Montana Chamber of Commerce v. Argenbright

McKEOWN, Circuit Judge,

concurring:

I join in the opinion but write separately to underscore that First Amendment protection of political contributions is not absolute. Here, in light of the specific evidence presented and in light of the requirements of First National Bank of Boston v. Bellotti, 435 U.S. 765, 98 S.Ct. 1407, 55 L.Ed.2d 707 (1978), the state failed to sustain its burden of articulating a compelling interest for the restrictions. This is not to say, however, that such compelling interests do not exist, even in the context of initiative elections. The Supreme Court’s recent treatment of the evi-dentiary burden is instructive:

The quantum of empirical evidence needed to satisfy heightened judicial scrutiny of legislative judgments will vary up or down with the novelty and plausibility of the justification raised. Buckley demonstrates that the dangers of large, corrupt contributions and the suspicion that large contributions are corrupt are neither novel nor implausible.

*1059Nixon v. Shrink Missouri Government PAC, 528 U.S. 377, 120 S.Ct. 897, 907, 145 L.Ed.2d 886 (2000). Although Shrink concerned candidate elections, its reasoning on judicial scrutiny of state-asserted compelling interests applies with similar force to campaigns for ballot measures.

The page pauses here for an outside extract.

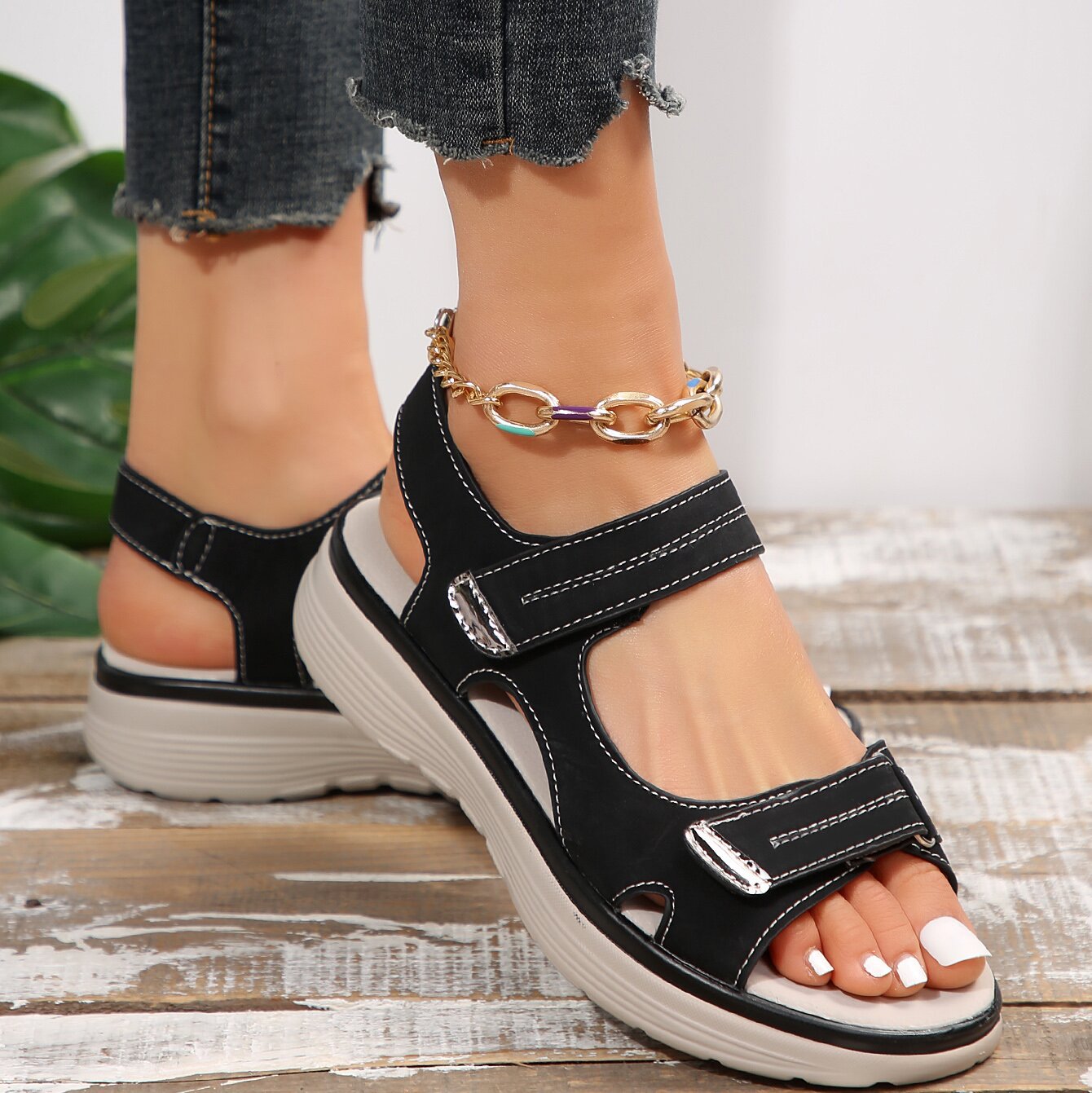 Women’s Cushioned Velcro Platform Sandals | noémi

Legitimate policy concerns have prompted legislators to address the power of the corporate contributor. I believe that a statute may be carefully crafted and tailored to meet a compelling interest in preserving the integrity of the electoral process, such as where contributions so distort the political process that they undermine our democratic system. But that is a case for another day.